Data section start

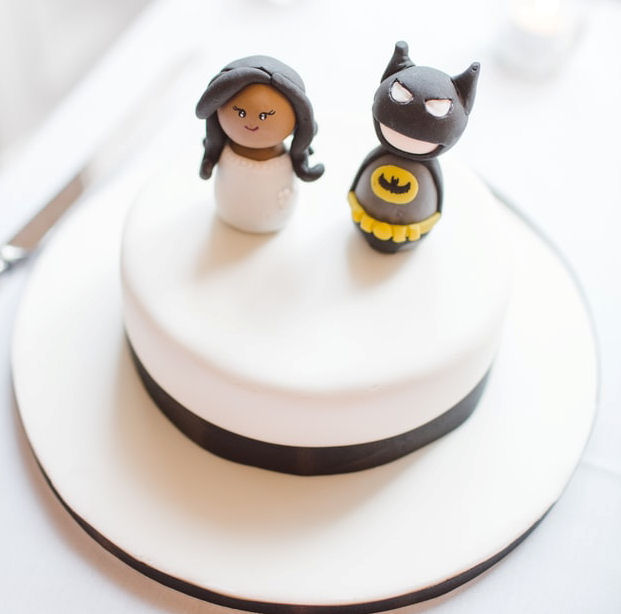 Single tier
                      wedding cake with figurines of a bride and Batman
                      on it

Data section end

Brief | Output all of the data exactly as it stands, minus any images.

Answer to this exercise |
 Single tier
                      wedding cake with figurines of a bride and Batman
                      on it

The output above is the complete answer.